Trouble Getting Regular Expression To Work - html

I'm trying to use regular expressions to remove certain blocks of coding from a text file. So far, most of my regular expression lines have worked to remove the codes. However, I have two questions:
1) Whenever I remove a chunk of text, where the text should have been is substituted with blank space, rather than simply being removed.

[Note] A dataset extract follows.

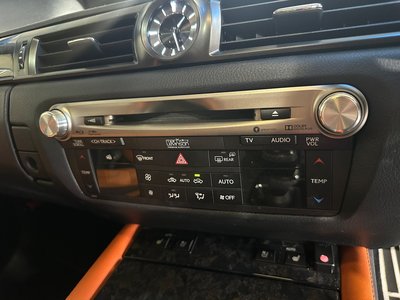 2015 Lexus GS F — миниатюра 33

An example of my regex code is:
$file =~ s/<ul(.*)>//gi;
Which removes all lines with the basic format <ul...>, which is what I want it to do. However, as mentioned prior, it replaces the tag and all contained data with blank spaces, and I was wondering how to stop this particular substitution.
2) Certain regular expression codes that should work, don't seem to. For instance, I want to remove
<script type="text/javascript">
function getCookies() { return ""; }
</script>
I have tried using various regex codes, but nothing seems to remove these lines. For instance:
$file =~ s/<script type(.*)<\/script>//gi;
Which removes the <script type...> and </script> tags respectively, but leaves the
function getCookies() { return ""; }
...intact. I'm unsure as to why this happens, and I would very much like to correct this. How would this be possible? Any help on either of these two questions would be immensely helpful!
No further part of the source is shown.